If your answers were, in any order, Justin Verlander and Miguel Cabrera, you’re a certified Tigers student who might have expected something along these lines:

Verlander: He pitched one out shy of eight innings, four hits, 12 strikeouts, one walk.

Cabrera: Two-run double up the right-center field gap in the first; three-run, 420-foot-plus homer into the forest below the TV camera nest in center field in the second.

Add in another cloud-caressing homer from Justin Upton, a three-run monster blast with deep hang-time that he clubbed in the seventh, and the Tigers closed their wild-card gap to one game behind the Orioles, who lost at Toronto.
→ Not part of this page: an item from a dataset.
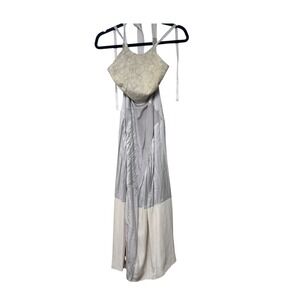 Rebecca Taylor Python‎ Apron Dress Cream Snake Leather Silk Maxi Size 2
“That’s why they get paid the big bucks,” said Tigers manager Brad Ausmus, who was being wry, but who also knows Verlander-Cabrera is the primary ingredient in a playoff recipe.

BOX SCORE: Tigers 12, Indians 0

Tuesday’s events at Comerica Park and at Rogers Centre again showed how fast a playoff picture can change. And how rapidly a team’s status can shift from long-shot to definitely possible.

“It’s why we don’t worry about yesterday,” Ausmus reminded the media crowd. “When you’re one game back, anything can happen.”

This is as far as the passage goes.